Upping the bounty on Gregg Williams

Audio from a documentary about former Saints player Steve Gleason was released today that has Gregg Williams pretty much on record as to what he was trying to achieve as the defensive coordinator. The audio came from Williams' pregame talk to his defense before New Orleans' playoff loss to San Francisco. Excerpts:

We've got to do everything in the world to make sure we kill Frank Gore's head. We want him running sideways. We want his head sideways.

We need to find out in the first two series of the game, that little wide receiver, No. 10, [Kyle Williams] about his concussion. We need to fucking put a lick on him right now. He needs to decide. He needs to fucking decide.

We need to decide whether Crabtree wants to be a fake-ass prima donna, or he wants to be a tough guy. We need to find out. He becomes human when we fucking take out that outside ACL.

We need to decide how many times we can bull rush and and we can fucking put Vernon Davis' ankles over the pile.

Little 32 [Kendall Hunter], we're going to knock the f--- out of him.

Williams also encouraged his men to hit 49ers Alex Smith in the chin, pointing to his own chin and saying, Remember me. I got the first one. I got the first one. Go get it. Go lay that motherfucker out.

He also encouraged Saints defenders to continually hit Smith in the head. Every single one of you, before you get off the pile, affect the head. Early, affect the head. Continue, touch and hit the head.

There's a fine line between coaching aggressive play vs. coaching dirty play. Gregg Williams stepped over that line, then turned around and pissed on it, walked away, then turned back around and took a dump on it. This is exactly why the Rams shouldn't even leave the matter open of Williams ever coaching for the team. Rams Nation was hoping for an aggressive coach, none of us claim otherwise. We weren't hoping for Rodney Harrison in a ball cap and headphones. Encouraging players to hit hard is one thing. Encouraging them to hit other players in the head or knees, or bend them backwards at the ankles, is beyond the pale. It's also stupid coaching, as a lot of the actions Williams urges would draw penalty flags. There's no use for this, by any team at any level of football.

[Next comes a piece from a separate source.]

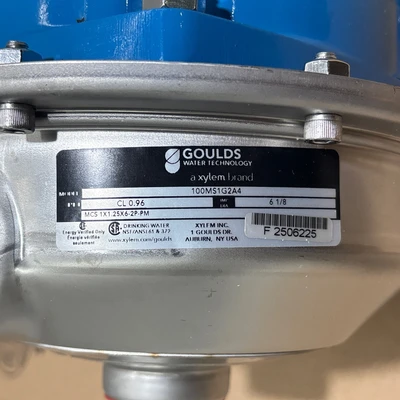 New | in-Stock Goulds 100MS1G2A4 Pumps Indiana US | J&J Industrial Supply #1368432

If it wasn't already, this audio pretty much permanently cements the reputation of Gregg Williams as a man who coaches dirty play, the cheap-shot artist of NFL coaches. This reputation's going to follow him everywhere, always. Think not? Well, a paragraph ago I showed I'm still pissed off about a cheap shot a player delivered almost 13 years ago, and that cheap shot didn't prevent the Rams from winning the Super Bowl!

The Rams don't need Williams' ethical cloud following them everywhere they go, lurking in the shadows, lurking in the back of every fan's, every commentator's, every opposing player's, every official's mind every time a Ram delivers a hard but otherwise clean hit.

Fire Gregg Williams now. It should have been done already.

At the same time, let me make something completely clear here. NFL.com's headline feature right now, by Jeff Darlington, captioned "The Last Straw," without coming absolutely right out and saying it, pretty much suggests commissioner Roger Goodell go ahead and ban Williams for life. That's not exactly setting the tone for Williams to get a fair trial from the league. Williams may be an all-time heel, but this is America. He deserves the NFL equivalent of his day in court. One-sided articles like this on the league's website make that a difficult challenge, and the league is wrong to do it.

And let me make something else completely clear. Michael Crabtree is in fact a fake-ass prima donna.